The report was commissioned by the American Center for Mobility, led by Michigan State University and supported by Texas A&M Transportation Institute and projects that significant numbers of automated vehicles will not be deployed until the latter half of the 2020s.
At that point, we could see a loss in passenger car-based driving jobs such as taxicab drivers, according to researchers. But due to existing truck driver worker shortages, and the belief that automated technology will largely support truck drivers instead of replacing them, truck drivers are not likely to be displaced in large numbers, says the report.
The news comes the day after the Insurance Institute for Highway Safety, a nonprofit funded by auto insurers, released the results of a study casting doubt on how ready advanced driver assistance systems are to take over driver functions.
Evaluations of adaptive cruise control and active lane-keeping show variable performance in typical driving situations, IIHS said, such as approaching stopped vehicles and negotiating hills and curves. “The early results underscore the fact that today's systems aren't robust substitutes for human drivers.”
Expect Shifts in Workforce Demands
“Automated vehicle technology could incorrectly be viewed as a change that will eliminate driving jobs,” said Shelia Cotten, MSU Foundation professor of media and information, who led the research. “However, the more nuanced assessment is that over the next decade, the innovation will foster broader societal changes resulting in shifts in the workplace and workforce demands.”
In addition, she said, this level of advanced technology has the potential to lead to the creation of thousands of new jobs in areas such as engineering, data analysis, cybersecurity, and vehicle “monitoring.”
“Based on data collected from industry experts during the study, there is already a significant demand in several of these areas related to AVs.”
What will be needed, however, is training.
“The results of the report indicate substantial and multifaceted education and training efforts will be needed to transition the workforce and public for automated vehicles,” said Soraya Kim, ACM’s chief innovation officer.
“In the near-term, there is great potential for these technologies to assist commercial drivers in safely operating trucks. Longer-term it will be important to define, develop and deliver targeted training for the workforce,” said Christopher Poe, assistant director for connected and automated transportation strategy, Texas A&M Transportation Institute.
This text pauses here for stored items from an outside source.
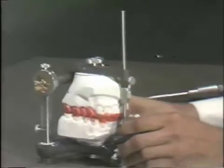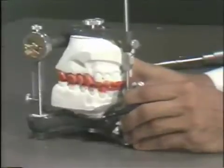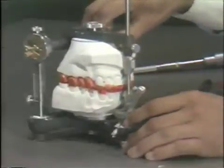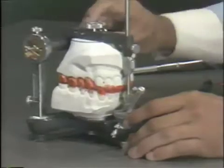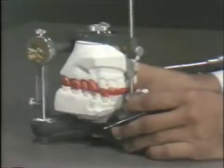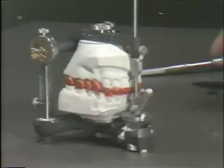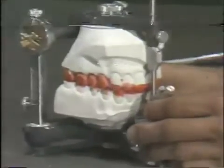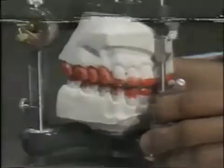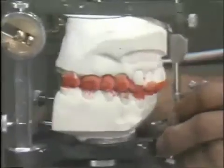At this stage, one has, from centric occlusion, a smooth lateral excursion to the right and to the left with no balancing interferences present. If the shims are taken away and out of the area, now the casts can go forward into the centric relation. Again, you can see the freedom in centric present. One would also have to check to make sure that in this forward position in centric relation — that is the forward position of the maxillary cast — that in this excursion again, it is smooth and the cuspid rise is still performing its function.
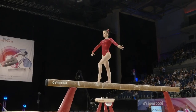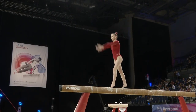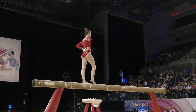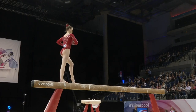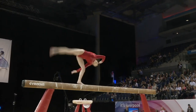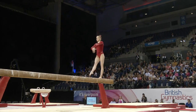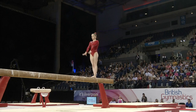Working confidently through her leap series, Alice is capable of some really good work on this piece of apparatus. I would like to see her work with a little bit more fluidity in this routine, but I think anyone would have to take a concentration pause before that very ambitious leap series. Free cartwheel into the layout somersaults.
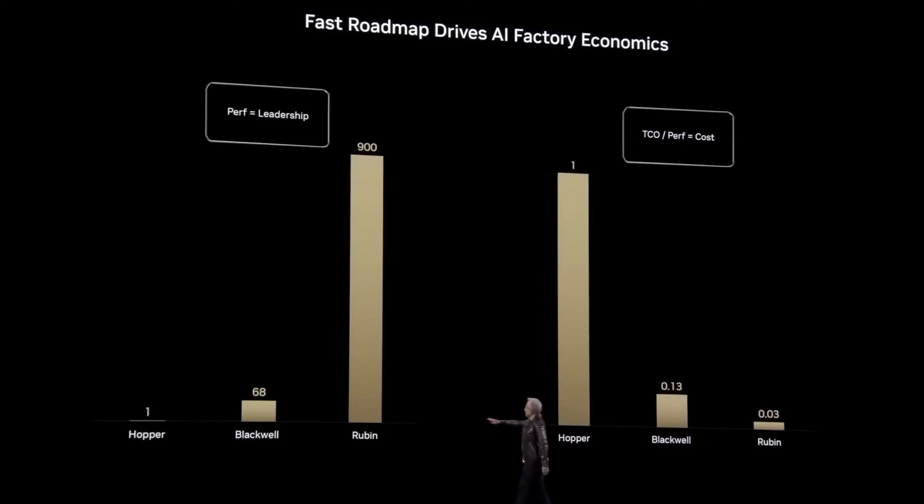NVIDIA basically just told us the performance of the 60-series 90 and no one noticed. Hopper is 1x, Blackwell is 68x, Rubin is 900x.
Based on the report’s findings, ACM and the study authors recommend the following steps be taken:
- Conduct additional research that captures the input of the vehicle operators in different workforce sectors on what training they would be interested in pursuing.
- Identify, in greater detail, the specific skillsets needed by the automotive and technology industries to facilitate the creation and adoption of AVs.
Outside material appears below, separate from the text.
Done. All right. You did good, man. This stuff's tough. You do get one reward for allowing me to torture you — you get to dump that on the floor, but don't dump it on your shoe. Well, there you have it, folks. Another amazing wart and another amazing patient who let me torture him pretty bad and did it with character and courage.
- Establish rapid coursework and training that meets those specific needs.
- Conduct additional research to quantify the overall positive financial impact of automated vehicle technology on the economy as a whole, and the potential for job creation.
The research was funded by ACM, Waymo, AARP and the Toyota Research Institute.
The American Center for Mobility is a nonprofit testing, education and product development facility for future mobility, designed to enable safe validation and self-certification of connected and automated vehicle technology, and to accelerate the development of voluntary standards. ACM is one of 10 U.S. DOT-designated Automated Vehicle Proving Grounds in the U.S.